# Exercise material
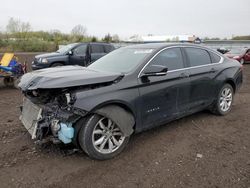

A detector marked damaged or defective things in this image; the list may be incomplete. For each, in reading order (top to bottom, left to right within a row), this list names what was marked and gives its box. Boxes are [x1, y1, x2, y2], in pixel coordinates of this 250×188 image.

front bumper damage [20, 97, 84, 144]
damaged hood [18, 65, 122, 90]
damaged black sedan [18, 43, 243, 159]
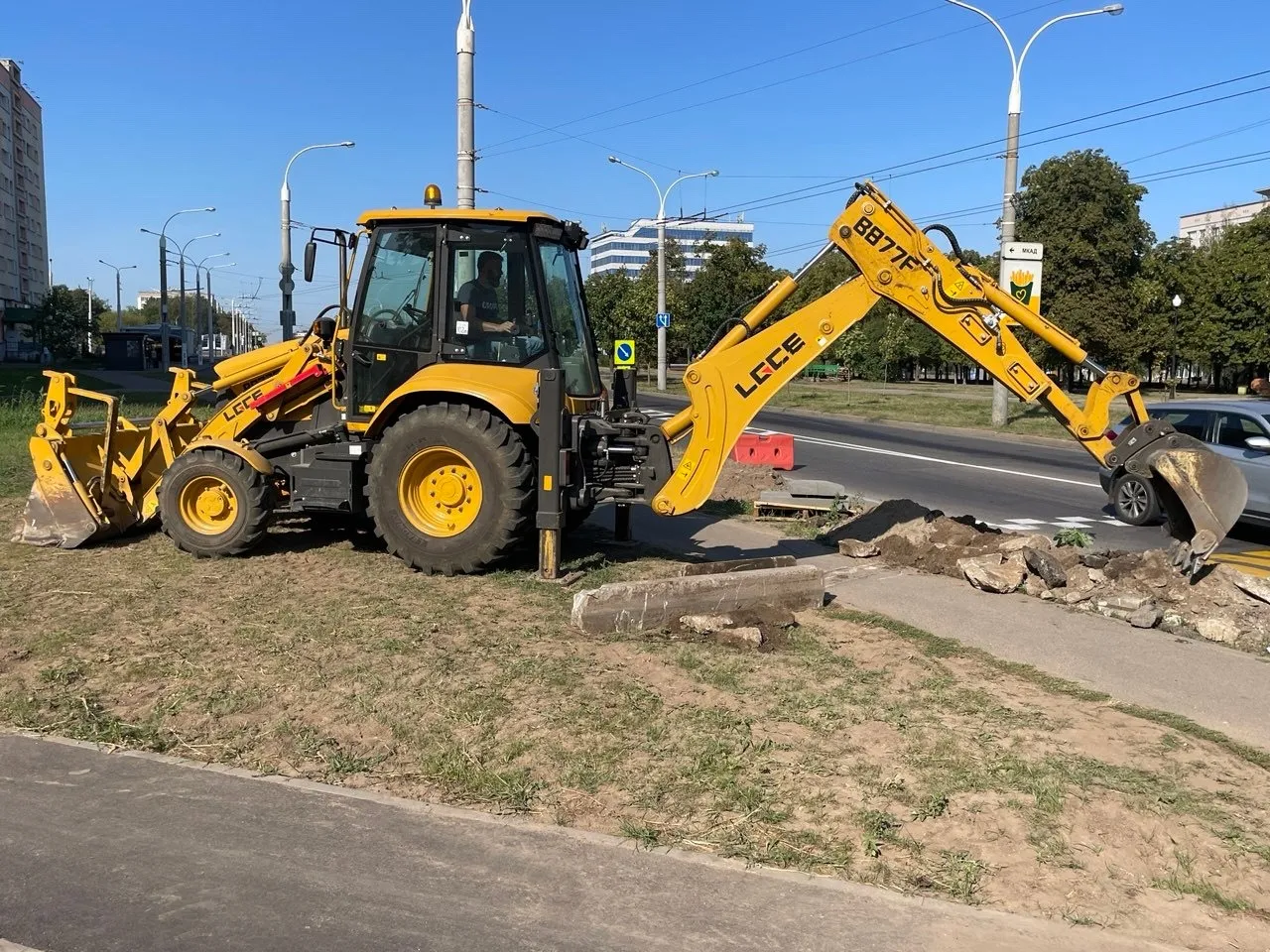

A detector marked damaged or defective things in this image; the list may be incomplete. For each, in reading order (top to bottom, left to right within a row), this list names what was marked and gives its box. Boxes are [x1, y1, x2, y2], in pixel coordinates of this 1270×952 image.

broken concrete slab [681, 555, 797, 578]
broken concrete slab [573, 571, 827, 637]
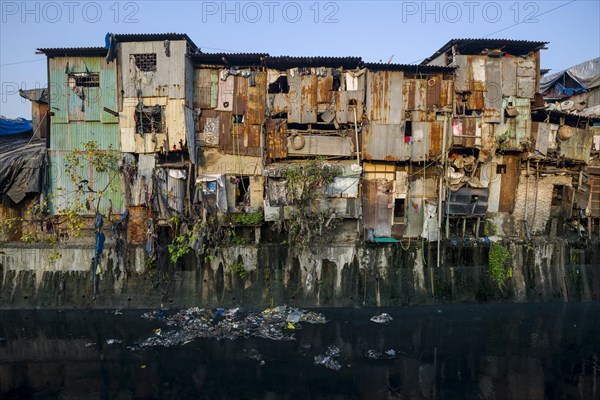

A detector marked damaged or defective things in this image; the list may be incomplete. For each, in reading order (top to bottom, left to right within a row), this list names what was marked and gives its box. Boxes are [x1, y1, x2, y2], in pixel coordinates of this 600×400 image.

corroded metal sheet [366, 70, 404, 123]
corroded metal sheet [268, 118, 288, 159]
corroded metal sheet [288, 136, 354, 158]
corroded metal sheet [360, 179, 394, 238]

# What the task requires
The records above, copied word for word without the pictures, are what should be output.

# Exercise solution
A detector marked damaged or defective things in this image; the list may be incomplete. For each, in reading order (top to bottom, left to right within a row), this list names what was marked and gives its box. Boxes are [x1, y1, x2, y2], in pixel coordinates of this 250×188 image.

front bumper damage [20, 97, 84, 144]
damaged hood [18, 65, 122, 90]
damaged black sedan [18, 43, 243, 159]

A detector marked damaged or defective things in this image; the list may be incomplete. For each, in reading order (top to bottom, left to right within a row), this list names what was marked and gives its box. Boxes are [x1, y1, x2, y2], in pixel coordinates of this 1270×952 image.

broken concrete slab [681, 555, 797, 578]
broken concrete slab [573, 571, 827, 637]

A detector marked damaged or defective things in this image; the list may be incomplete. For each, in reading order (top to bottom, left to right within a row), this list names what was marked and gives its box. Boxes are [x1, y1, x2, y2], in pixel coordinates of this 600×400 image.

corroded metal sheet [366, 70, 404, 123]
corroded metal sheet [268, 118, 288, 159]
corroded metal sheet [288, 136, 354, 158]
corroded metal sheet [360, 179, 394, 238]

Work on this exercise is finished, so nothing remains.